Items from a dataset:

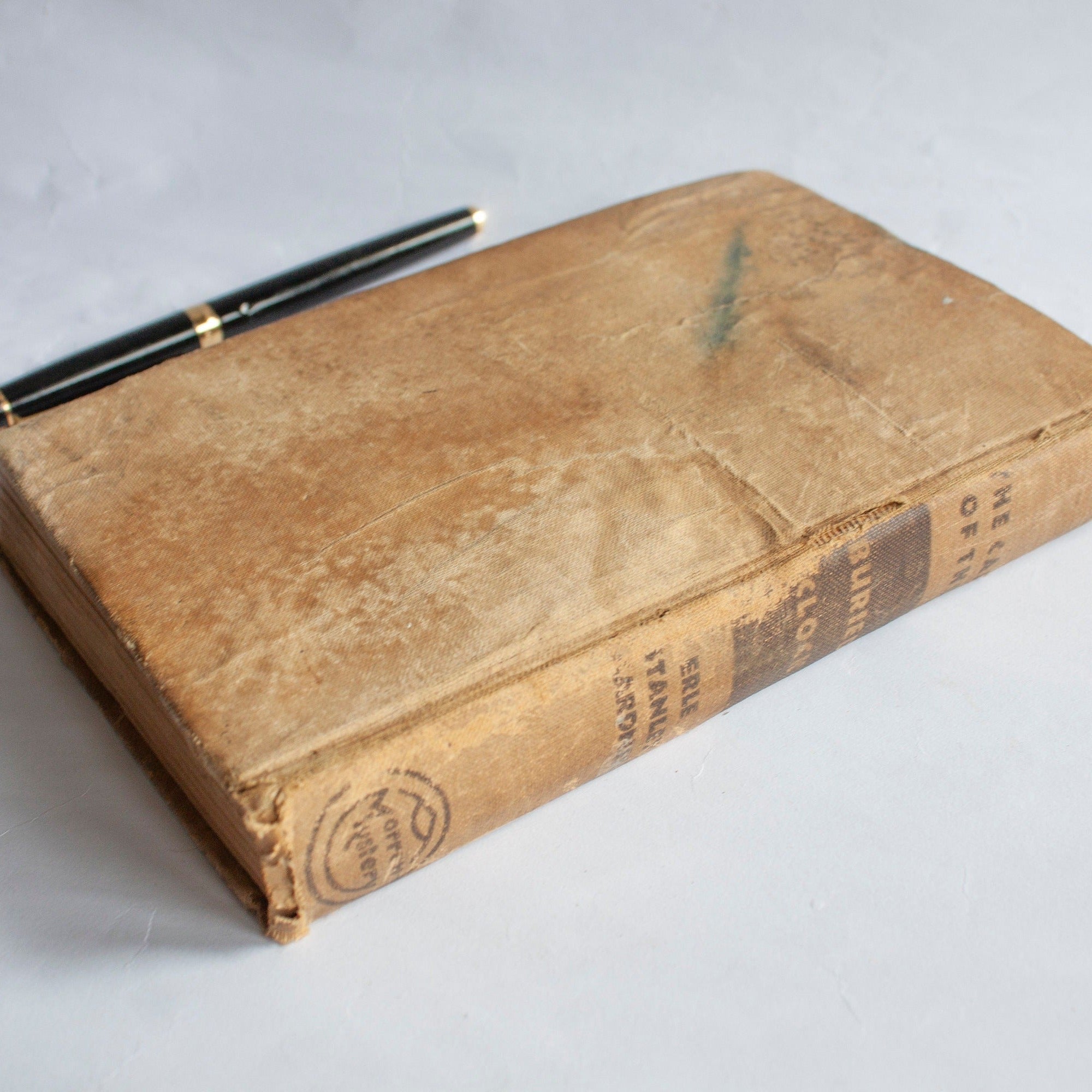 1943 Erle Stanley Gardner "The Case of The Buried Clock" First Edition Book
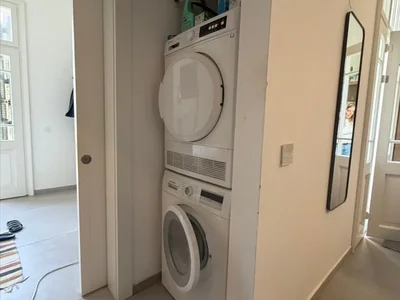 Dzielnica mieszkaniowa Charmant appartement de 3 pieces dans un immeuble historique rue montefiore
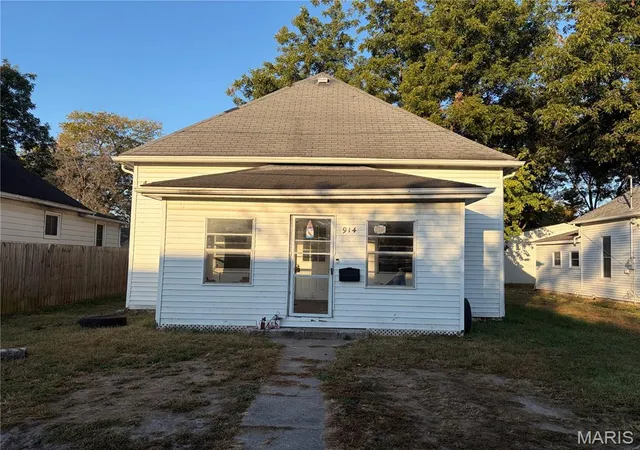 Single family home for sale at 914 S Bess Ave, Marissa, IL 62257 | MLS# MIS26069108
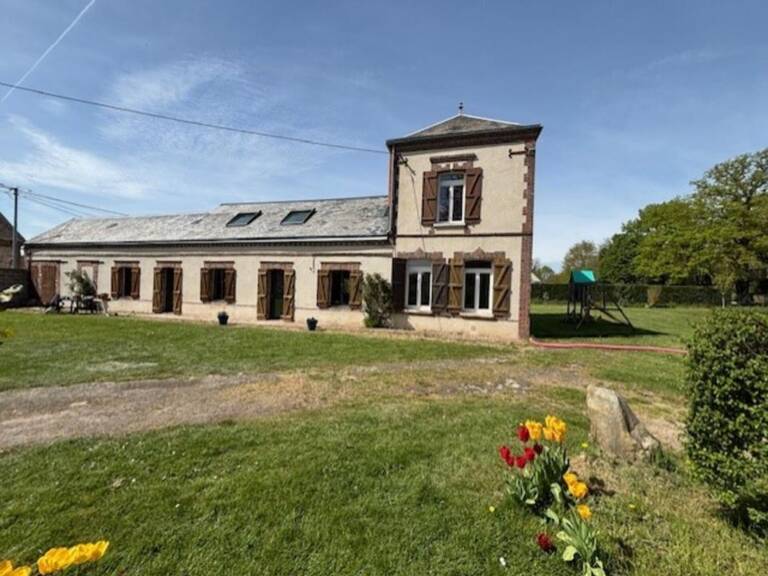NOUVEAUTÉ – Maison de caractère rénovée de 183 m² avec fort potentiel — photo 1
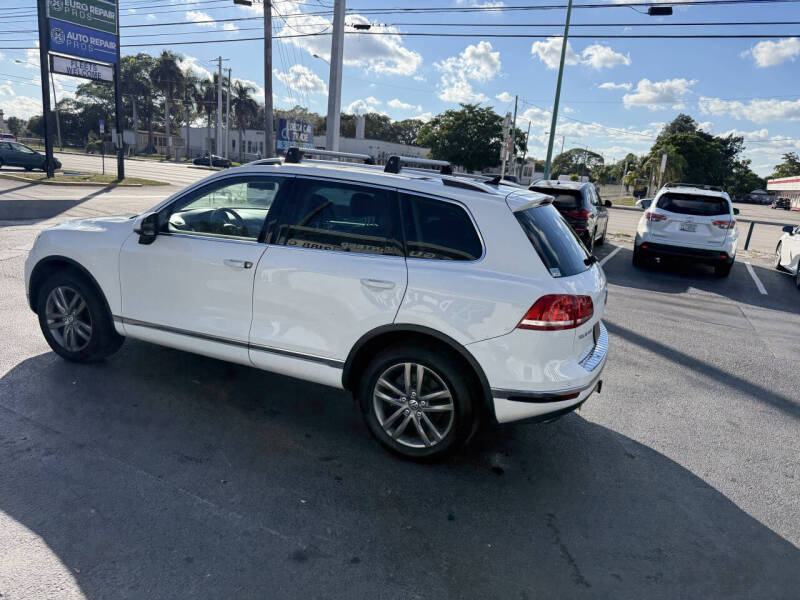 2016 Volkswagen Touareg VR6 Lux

What you need to do:
Pictures are to be left out; the answer must otherwise be exactly the lines from the one with "Dzielnica mieszkaniowa Charmant" through the final line of the entries above, both included.

Answer for this exercise:
 Dzielnica mieszkaniowa Charmant appartement de 3 pieces dans un immeuble historique rue montefiore
 Single family home for sale at 914 S Bess Ave, Marissa, IL 62257 | MLS# MIS26069108
NOUVEAUTÉ – Maison de caractère rénovée de 183 m² avec fort potentiel — photo 1
 2016 Volkswagen Touareg VR6 Lux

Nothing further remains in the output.